Sims 2... and Lock Out
The Sims 2
Ok, so my blogging went to pot because the Sims 2 came out and I am totally addicted. Not really surprizing...I knew it would happen. However, I am a bit more addicted than I'd like to admit... just like with the original I am becoming caught up in the simulated lives of people I create. I haven't killed any of them off yet, but I've had a great deal of fun with the growing up process! :-D
Lock Out
Oh, now to the second part. Amanda and I took a walk tonight and ended up getting locked out of the house. It was really quite amusing and we ended up over at Alan's house talking to his Dad. Alan (the older) was very cool about the whole thing, I knew he would be. He's an amazing individual really. I've always had a great deal of admiration for him. Anyway, he played some of his compositions for us and we had a great time of being locked out. Then I came home and called Alan (the younger) and it was one of those conversations where I felt like I was a total bitch because I had said something that lead him to believe something that got him into some financial trouble. This of course being piled on top of car failure, computer issues, job issues, and of course the good old fashioned school issues. At the end of the conversation I felt like Alan was basically telling me that I don't really give him the support he needs because I'm too far away and there is nothing I can do to help him anyway.
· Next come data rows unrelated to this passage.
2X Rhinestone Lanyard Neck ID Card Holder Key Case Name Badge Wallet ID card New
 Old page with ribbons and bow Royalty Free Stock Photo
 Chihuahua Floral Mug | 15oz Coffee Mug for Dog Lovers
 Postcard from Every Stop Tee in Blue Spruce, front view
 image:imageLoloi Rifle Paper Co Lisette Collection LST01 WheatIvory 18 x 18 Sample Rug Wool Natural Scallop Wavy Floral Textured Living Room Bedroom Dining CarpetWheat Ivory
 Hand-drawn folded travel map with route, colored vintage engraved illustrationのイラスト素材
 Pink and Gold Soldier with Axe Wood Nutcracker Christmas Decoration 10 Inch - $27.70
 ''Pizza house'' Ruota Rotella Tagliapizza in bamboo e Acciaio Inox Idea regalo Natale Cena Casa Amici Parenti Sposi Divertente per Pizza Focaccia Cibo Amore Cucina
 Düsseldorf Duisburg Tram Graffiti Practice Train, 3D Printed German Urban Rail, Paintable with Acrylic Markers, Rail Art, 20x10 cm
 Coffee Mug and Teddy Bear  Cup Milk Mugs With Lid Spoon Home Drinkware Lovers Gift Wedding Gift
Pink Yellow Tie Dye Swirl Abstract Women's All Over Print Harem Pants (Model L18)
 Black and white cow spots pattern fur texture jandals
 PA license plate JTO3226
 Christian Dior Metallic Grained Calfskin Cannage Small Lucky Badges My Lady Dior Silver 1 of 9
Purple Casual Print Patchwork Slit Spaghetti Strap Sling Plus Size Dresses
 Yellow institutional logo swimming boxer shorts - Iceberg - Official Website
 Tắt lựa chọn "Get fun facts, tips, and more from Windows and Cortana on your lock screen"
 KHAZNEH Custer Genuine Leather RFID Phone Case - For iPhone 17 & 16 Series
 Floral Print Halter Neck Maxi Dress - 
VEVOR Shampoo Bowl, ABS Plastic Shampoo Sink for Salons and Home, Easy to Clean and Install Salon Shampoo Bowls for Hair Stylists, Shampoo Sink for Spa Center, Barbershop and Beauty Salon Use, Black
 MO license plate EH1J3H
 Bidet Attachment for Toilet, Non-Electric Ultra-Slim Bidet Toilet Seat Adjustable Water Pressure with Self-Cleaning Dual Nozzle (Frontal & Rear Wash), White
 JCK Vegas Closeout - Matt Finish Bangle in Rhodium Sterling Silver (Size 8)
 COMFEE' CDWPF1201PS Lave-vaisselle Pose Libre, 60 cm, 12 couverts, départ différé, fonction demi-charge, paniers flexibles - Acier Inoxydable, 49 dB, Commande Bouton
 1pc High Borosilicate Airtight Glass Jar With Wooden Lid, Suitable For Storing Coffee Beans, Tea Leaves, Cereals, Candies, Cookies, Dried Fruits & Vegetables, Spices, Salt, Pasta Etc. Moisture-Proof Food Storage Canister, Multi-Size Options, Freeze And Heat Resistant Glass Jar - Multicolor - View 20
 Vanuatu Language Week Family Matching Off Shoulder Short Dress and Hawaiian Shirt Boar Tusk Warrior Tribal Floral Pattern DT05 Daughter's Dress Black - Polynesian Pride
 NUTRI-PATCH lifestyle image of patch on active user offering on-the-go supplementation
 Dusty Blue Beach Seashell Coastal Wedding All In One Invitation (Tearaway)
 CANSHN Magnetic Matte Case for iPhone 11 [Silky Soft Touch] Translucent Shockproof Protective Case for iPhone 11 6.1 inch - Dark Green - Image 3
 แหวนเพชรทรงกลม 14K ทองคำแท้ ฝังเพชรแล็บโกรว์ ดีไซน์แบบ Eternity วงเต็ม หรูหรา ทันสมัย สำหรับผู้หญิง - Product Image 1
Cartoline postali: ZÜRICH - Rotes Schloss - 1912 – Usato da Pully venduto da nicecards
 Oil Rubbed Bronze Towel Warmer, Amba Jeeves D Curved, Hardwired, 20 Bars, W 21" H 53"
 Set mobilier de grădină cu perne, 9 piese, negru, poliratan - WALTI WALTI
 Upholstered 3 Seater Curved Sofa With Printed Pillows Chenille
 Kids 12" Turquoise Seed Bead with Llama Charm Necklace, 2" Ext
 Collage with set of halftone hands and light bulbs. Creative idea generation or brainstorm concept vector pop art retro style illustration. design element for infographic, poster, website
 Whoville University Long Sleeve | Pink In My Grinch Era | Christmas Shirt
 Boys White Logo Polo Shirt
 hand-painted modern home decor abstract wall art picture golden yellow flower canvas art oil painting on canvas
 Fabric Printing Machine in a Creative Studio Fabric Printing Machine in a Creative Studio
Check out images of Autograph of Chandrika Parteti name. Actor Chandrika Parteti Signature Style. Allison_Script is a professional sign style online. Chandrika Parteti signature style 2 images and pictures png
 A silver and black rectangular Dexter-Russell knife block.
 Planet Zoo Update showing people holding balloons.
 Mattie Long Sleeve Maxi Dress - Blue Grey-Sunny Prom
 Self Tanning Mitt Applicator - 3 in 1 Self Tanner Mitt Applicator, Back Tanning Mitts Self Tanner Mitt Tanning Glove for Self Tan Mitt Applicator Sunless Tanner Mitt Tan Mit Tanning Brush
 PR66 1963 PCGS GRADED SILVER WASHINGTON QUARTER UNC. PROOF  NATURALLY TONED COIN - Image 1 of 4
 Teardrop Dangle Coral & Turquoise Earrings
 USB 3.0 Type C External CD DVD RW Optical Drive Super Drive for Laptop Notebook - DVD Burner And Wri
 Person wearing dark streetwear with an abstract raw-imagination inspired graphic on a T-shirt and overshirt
This of course made me feel pretty much like shit, nobody wants to be told that they suck at doing the only thing they thought they were any good at. So, yeah...I'm doing something about that. Hopefully it will be helpful rather than being just another motion that screws things up. Heck, I don't know. Maybe I really am a failure at supporting people. I never seem to do that great of a job anyway. If I get myself involved I usually screw things up. Bleah, that sounded whiny and I didn't really mean it to. I guess I just took it a little personally. Then again, if I told Alan that he sucked at being supportive I'm not sure how he would react either. I guess I'm being hyper-sensitive about it. That's nothing new. I'm hyper sensitive about everything :-P... Ok, rant over.